설치한 후에는 plaidml-setup로 환경설정을 수행해야 합니다.

(r-reticulate) choonghyunryu@myWorld 73_mashup_python % plaidml-setup

PlaidML Setup (0.7.0)

Thanks for using PlaidML!

The feedback we have received from our users indicates an ever-increasing need
for performance, programmability, and portability. During the past few months,
we have been restructuring PlaidML to address those needs.  To make all the
changes we need to make while supporting our current user base, all development
of PlaidML has moved to a branch — plaidml-v1. We will continue to maintain and
support the master branch of PlaidML and the stable 0.7.0 release.

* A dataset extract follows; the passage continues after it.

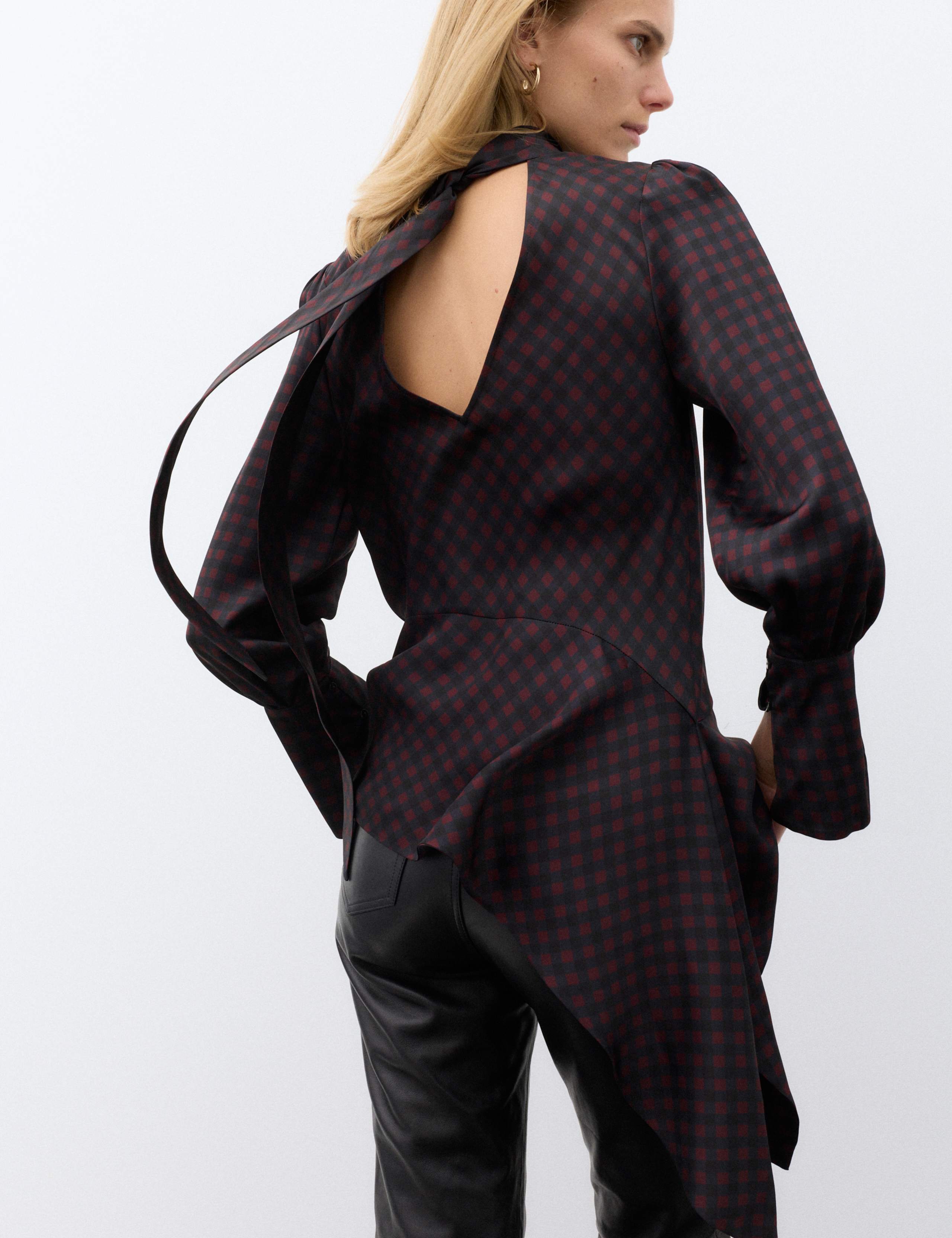 Satin Checked Tie Neck Asymmetric Blouse 3 of 7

Read more here: https://github.com/plaidml/plaidml 

Some Notes:
  * Bugs and other issues: https://github.com/plaidml/plaidml/issues
  * Questions: https://stackoverflow.com/questions/tagged/plaidml
  * Say hello: https://groups.google.com/forum/#!forum/plaidml-dev
  * PlaidML is licensed under the Apache License 2.0
 

Default Config Devices:
   llvm_cpu.0 : CPU (via LLVM)
   metal_amd_radeon_pro_560x.0 : AMD Radeon Pro 560X (Metal)
   metal_intel(r)_uhd_graphics_630.0 : Intel(R) UHD Graphics 630 (Metal)

Experimental Config Devices:
   llvm_cpu.0 : CPU (via LLVM)
   opencl_amd_radeon_pro_560x_compute_engine.0 : AMD AMD Radeon Pro 560X Compute Engine (OpenCL)
   opencl_intel_uhd_graphics_630.0 : Intel Inc. Intel(R) UHD Graphics 630 (OpenCL)
   metal_amd_radeon_pro_560x.0 : AMD Radeon Pro 560X (Metal)
   metal_intel(r)_uhd_graphics_630.0 : Intel(R) UHD Graphics 630 (Metal)

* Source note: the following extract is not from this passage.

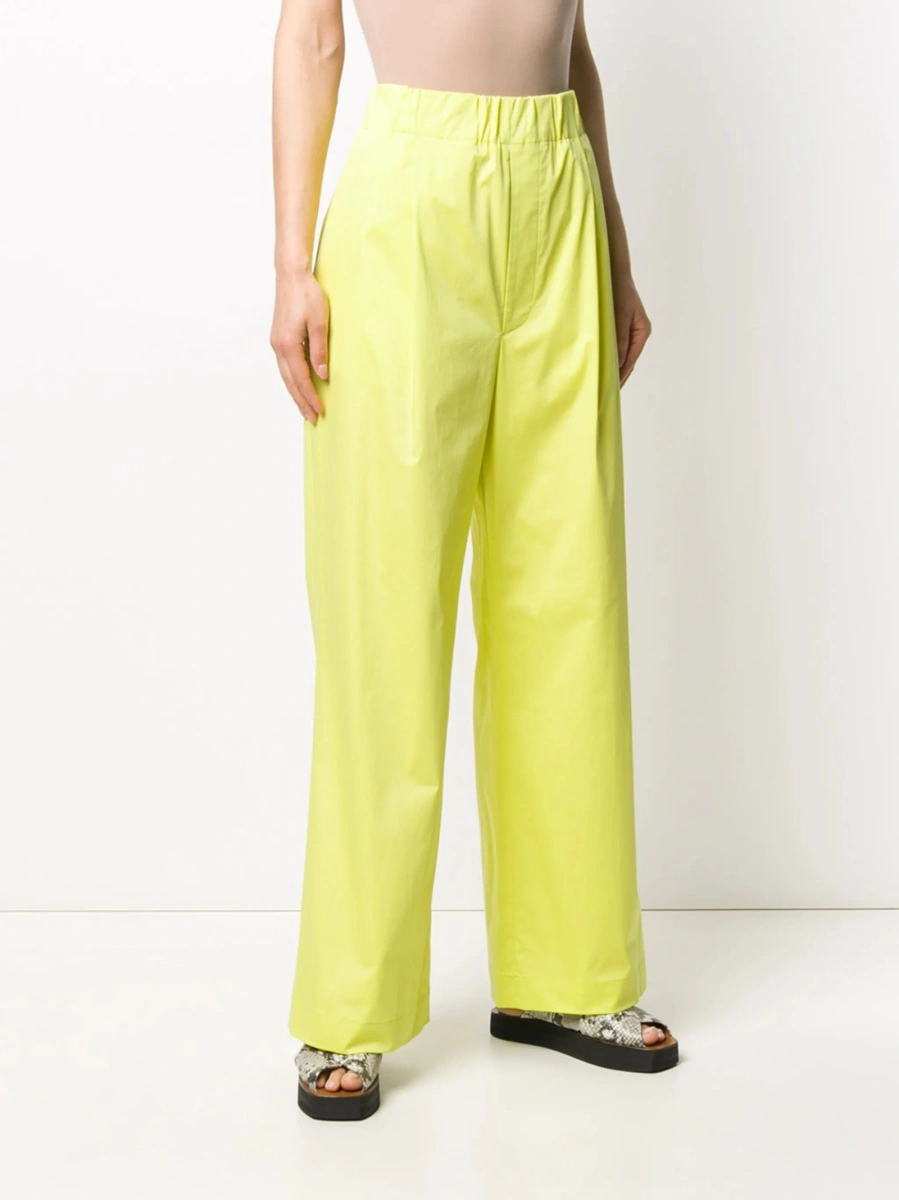 Pantaloni drepti JEJIA galbeni din elastan si bumbac - Img 3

Using experimental devices can cause poor performance, crashes, and other nastiness.

Enable experimental device support? (y,n)[n]:y

Multiple devices detected (You can override by setting PLAIDML_DEVICE_IDS).
Please choose a default device:

   1 : llvm_cpu.0
   2 : opencl_amd_radeon_pro_560x_compute_engine.0
   3 : opencl_intel_uhd_graphics_630.0
   4 : metal_amd_radeon_pro_560x.0
   5 : metal_intel(r)_uhd_graphics_630.0

Default device? (1,2,3,4,5)[1]:4

Selected device:
    metal_amd_radeon_pro_560x.0

Almost done. Multiplying some matrices...
Tile code:
  function (B[X,Z], C[Z,Y]) -> (A) { A[x,y : X,Y] = +(B[x,z] * C[z,y]); }
Whew. That worked.

Save settings to /Users/choonghyunryu/.plaidml? (y,n)[y]:y
Success!

(r-reticulate) choonghyunryu@myWorld 73_mashup_python %

설치 과정에서는 사용자의 선택을 위한 세번의 프롬프트가 나타납니다.

첫번째는 Experimental Config Devices를 지원할지의 여부를 묻습니다.
- y를 선택합니다.
두번째는 PlaidML이 사용할 기본 디바이스를 선택하는 질문이 나타나는데,
- 4 : metal_amd_radeon_pro_560x.0를 선택했습니다.
- Radeon Pro 560X GPU를 의미합니다.
세번째는 설정파일을 저장할 경로를 묻습니다.
- 사용자 홈디렉토리에 저장할지를 묻는데,
- y를 입력하여 사용자 홈디렉토리에 저장하였습니다.

PlaidML 테스트

설치한 후에는 PlaidML의 정상 작동 여부를 테스트합니다. 파이썬의 plaidbench 패키지를 설치합니다.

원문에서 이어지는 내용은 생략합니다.